Bundesbank sucht neue Zentrale in Frankfurt
Frankfurt/Main • Die Deutsche Bundesbank wird nach Abschluss der Sanierungsarbeiten nicht in ihre bisherige Zentrale im Norden Frankfurts zurückkehren. Diese Entscheidung markiert einen bedeutenden Wendepunkt für eines der markantesten Gebäude der Mainmetropole.
Wirtschaftlichkeitsprüfung führt zu Richtungswechsel
Bundesbank-Präsident Joachim Nagel teilte mit: „Die Wirtschaftlichkeitsuntersuchung hat klar ergeben, dass der Kauf einer Immobilie deutlich kostengünstiger ist als eine Unterbringung der Bundesbank-Zentrale am bisherigen Standort in der Wilhelm-Epstein-Straße.“ Daraufhin hat die Notenbank die Suche nach einer geeigneten neuen Immobilie in Frankfurt aufgenommen.
Gleichzeitig signalisierte die Stadt Frankfurt Interesse am Erwerb von Teilen des bisherigen Bundesbank-Areals. Die Bundesbank bestätigte, dass ein solcher Verkauf aufgrund der besonderen Gegebenheiten der Liegenschaft rechtlich möglich wäre. Auf dem Gelände lagern in hochgesicherten Tresoren mehr als die Hälfte der deutschen Goldreserven, die von der Notenbank verwaltet werden.

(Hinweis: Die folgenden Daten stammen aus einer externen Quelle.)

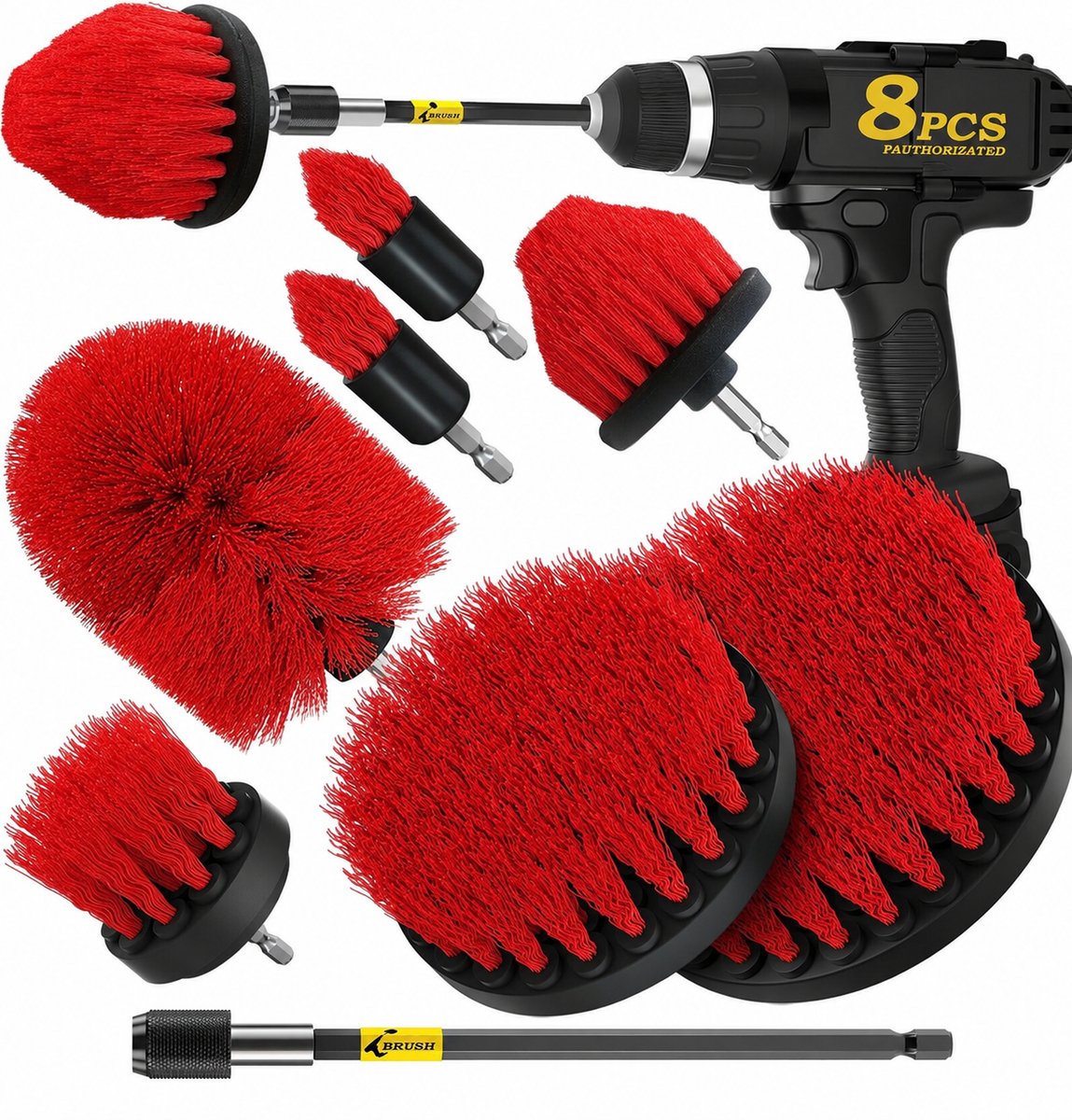 BOTC Boorborstel Set 8 Stuks - Schoonmaakborstels voor Boormachine met Verlengstuk - Tegelborstel, Voegborstel, Badkamer-, Douche-, Badkuip- en Vloerreiniging - Rood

Vom ambitionierten Campus-Projekt zur Realitätsanpassung
Das ursprüngliche „Projekt Campus“ zur umfassenden Neugestaltung des Bundesbank-Areals begann vor fast einem Jahrzehnt. Die ambitionierten Pläne sahen mehrere Neubauten vor:
- Eine Kindertagesstätte
- Ein Sportzentrum
- Einen Gastronomiepavillon
Kostenprognosen des Bundesrechnungshofes aus dem April 2024 beliefen sich auf rund 4,6 Milliarden Euro. Nach dem Amtsantritt von Präsident Nagel Anfang 2022 wurden diese Pläne jedoch deutlich reduziert – nicht zuletzt aufgrund veränderter Arbeitsgewohnheiten durch vermehrtes Homeoffice.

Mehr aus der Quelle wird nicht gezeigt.